Pictures aside, quote the whole listing exactly.

▶ _Collected material_:
════════════════════

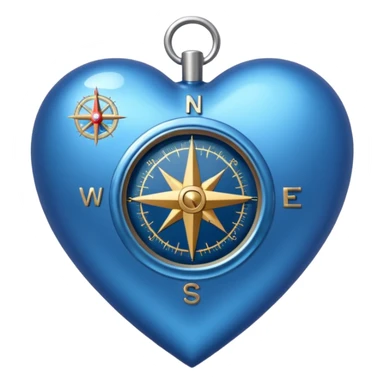 blue heart with a compass sticker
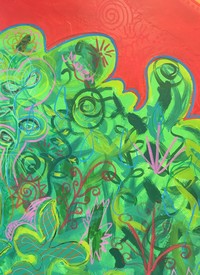Detail of the mural being painted by UT students and grade-school children in the Maynard Elementary School library.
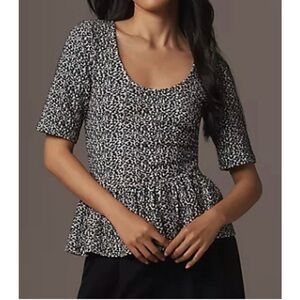 Maeve Black and White Patterned Blouse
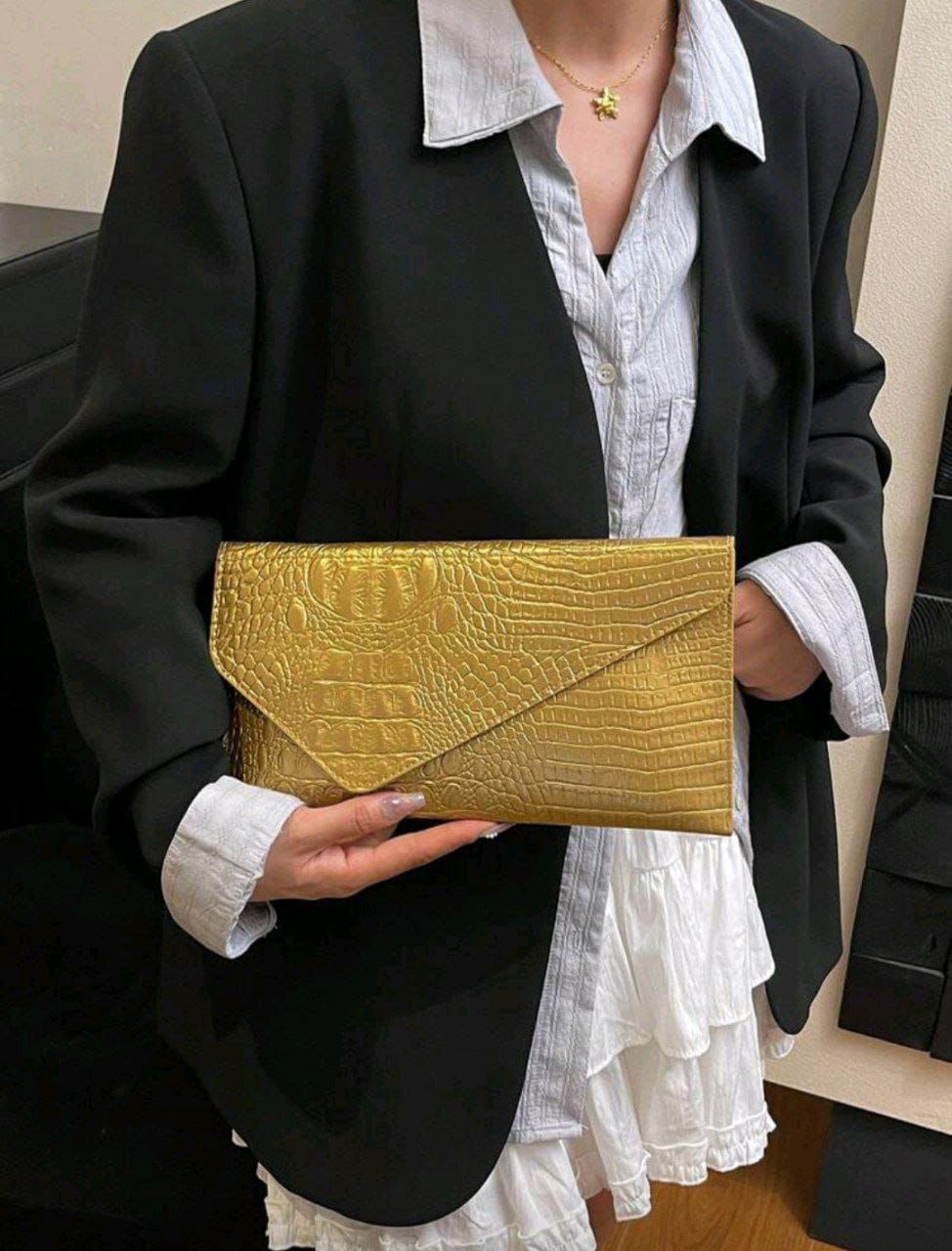 Crocodile Embossed Envelope Clutch Bag for Women – Gold & Silver PU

════════════════════

▶ _Your solution_:
 blue heart with a compass sticker
Detail of the mural being painted by UT students and grade-school children in the Maynard Elementary School library.
 Maeve Black and White Patterned Blouse
 Crocodile Embossed Envelope Clutch Bag for Women – Gold & Silver PU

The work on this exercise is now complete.